Avec la fin de la Seconde Guerre mondiale, un nouvel équilibre s’est mis en place… avec tout ce que la notion implique d’instabilité funambulaire. Deux puissances impérialistes, USA et URSS, régissent le monde chacune à la tête d’une bande de féaux qui leur mangent dans la main. Toutes deux disposent d’un prodigieux stock de flingues XXL et garantissent la paix grâce à la terreur nucléaire (faut pas chercher de logique…). Dans le même temps, aux Nations Unies – un nom qui me fera toujours rigoler – cinq États font la pluie et le beau temps. Les autres n’ont qu’à suivre le mouvement, en silence et avec le sourire, s’il vous plaît.
Le concert des nations… Un duo de solistes (sic) qui gueulent très fort pour couvrir la voix de l’autre, une poignée de trompettistes dont on entend une note par-ci par-là, et un plein de orchestres de violonistes à qui on a piqué les archets.
Mais des irréductibles ruent dans les brancards en mode David contre Goliath. Des “petits” comparé aux mastars américains et soviétiques, ou aux empires sur lesquels le soleil ne se couche jamais (mais où, paradoxalement, les Lumières ne brillent pas des masses). Ces rapports du faible au fort marquent le début de la fin pour les puissances coloniales (i.e. guerre d’Indochine entre 1946 et 1954), ainsi que l’émergence du mouvement des non-alignés (idée qui germe fin 1953).
Comme dans une fable, ces souris se montreront capables de mettre à mal les éléphants.
Wibberley met en scène une de ces souris qui parvient à rugir comme un lion. Bon, pas exprès, parce que le ton est comique. Mais justement, son idée est de montrer l’absurdité d’un ordre mondial où certains ne se font entendre que sur un malentendu. Sans quiproquo, on ne les écouterait pas, parce qu’ils n’ont pas de bombe A, pas de droit de veto à l’ONU, pas de capacités économiques leur permettant de clientéliser des satellites.
Amour des petites nations qui survivent contre vents et marées, mais pas que. Critique aussi. À la base, le Grand-Fenwick veut perdre la guerre pour profiter d’une reconstruction aux frais du vainqueur, sur le modèle de l’Europe arrosée par le plan Marshall. Cette manne aurait un impact sur la souveraineté grand-fenwickienne, mais c’est le prix à payer. Jusqu’où aller pour préserver son indépendance ? Où se situe le point idéal qui ménagerait à la fois l’État, l’économie, le peuple ? Comment gérer la dépendance ou l’interdépendance commerciale entre États, l’intensification de la concurrence à l’échelle du globe, la mondialisation ?
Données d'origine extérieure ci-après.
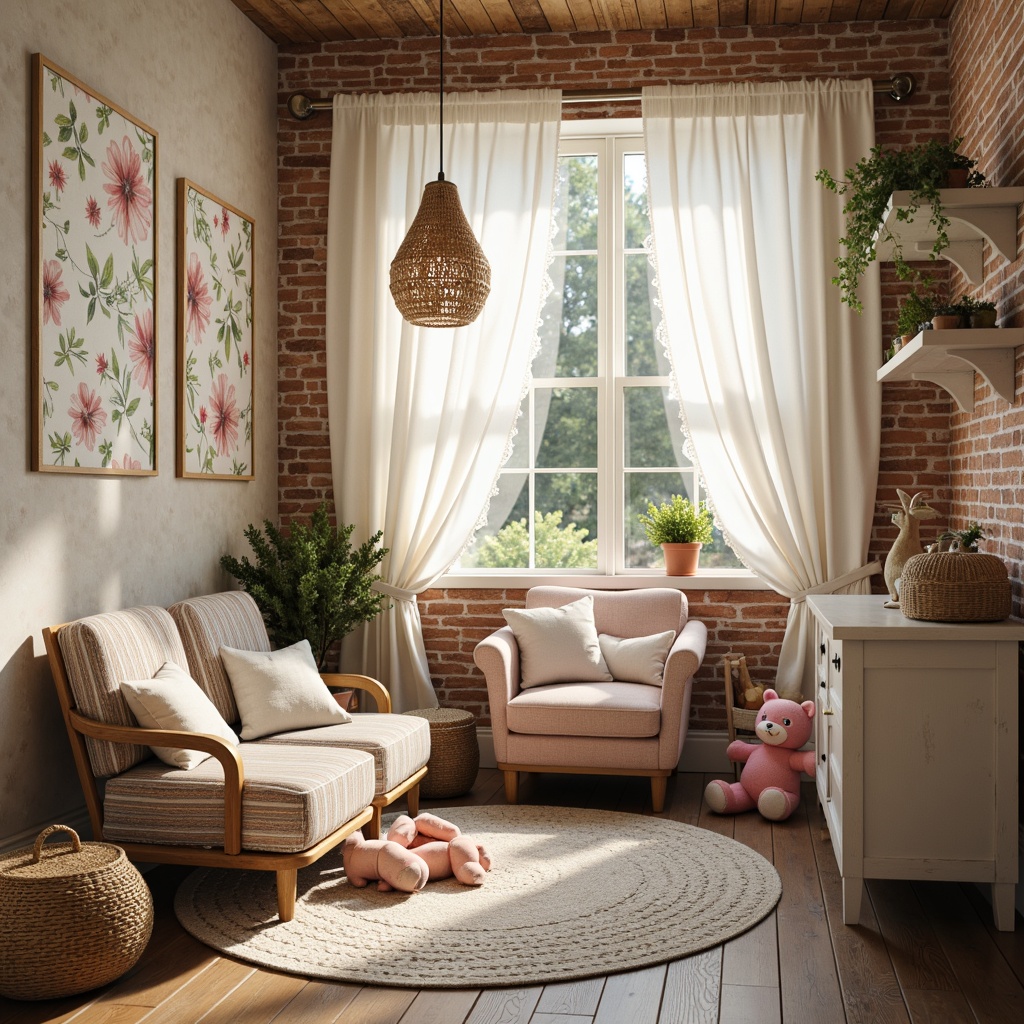 Prompt: Vintage kids' room, distressed wood furniture, soft pastel colors, floral patterns, ruffled curtains, lace trimmings, plush toys, velvet pillows, woven baskets, natural fibers, organic textures, gentle warm lighting, shallow depth of field, 1/1 composition, cozy atmosphere, whimsical decor, rustic wooden floor, aged brick walls, creamy whites, pale pinks, baby blues, feminine touches, delicate fabrics, sheer drapes, flowing silks, and subtle sheens.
Autant d’interrogations sérieuses derrière la farce.
La souris qui rugissait questionne aussi sur la notion de grain de sable. Les petits terrassent parfois les grands. Ici, le grand se plombe en quelque sorte tout seul. Si le roman, plus de soixante ans après sa parution, reste d’actualité pour moquer et faire réfléchir sur la diplomatie mondiale, il est on ne peut plus pertinent sur la notion de colosse aux pieds d’argile. Mine de rien, la vie des grandes puissances ne tient qu’à un fil. Suffit de voir ce qui s’est passé après 1955. Exit les empires coloniaux, le bloc soviétique a éclaté, et surtout les grosses économies peuvent se viander du jour au lendemain. Un pet de travers et paf, une drisse financière de tous les diables te cloue sur un trône qui n’a plus rien de glorieux. Et tout l’arsenal atomique du monde ne te sauvera pas.
Wibberley ne s’y est pas trompé, il prône un désarmement nucléaire total.
Même si le contexte Guerre froide a vieilli un chouïa, à peu près tout dans La souris qui rugissait fait encore sens à l’heure actuelle. Suffit d’allumer les infos pour s’en convaincre. Le roman a le mérite d’être beaucoup plus drôle que l’IRL, bien barré dans ses situations et très intelligent dans son propos.
Je doute qu’on ait droit en vrai au même épilogue. Je nous sens plutôt partis pour voir la souris et l’éléphant crever sur un caillou aride. On l’aura bien cherché.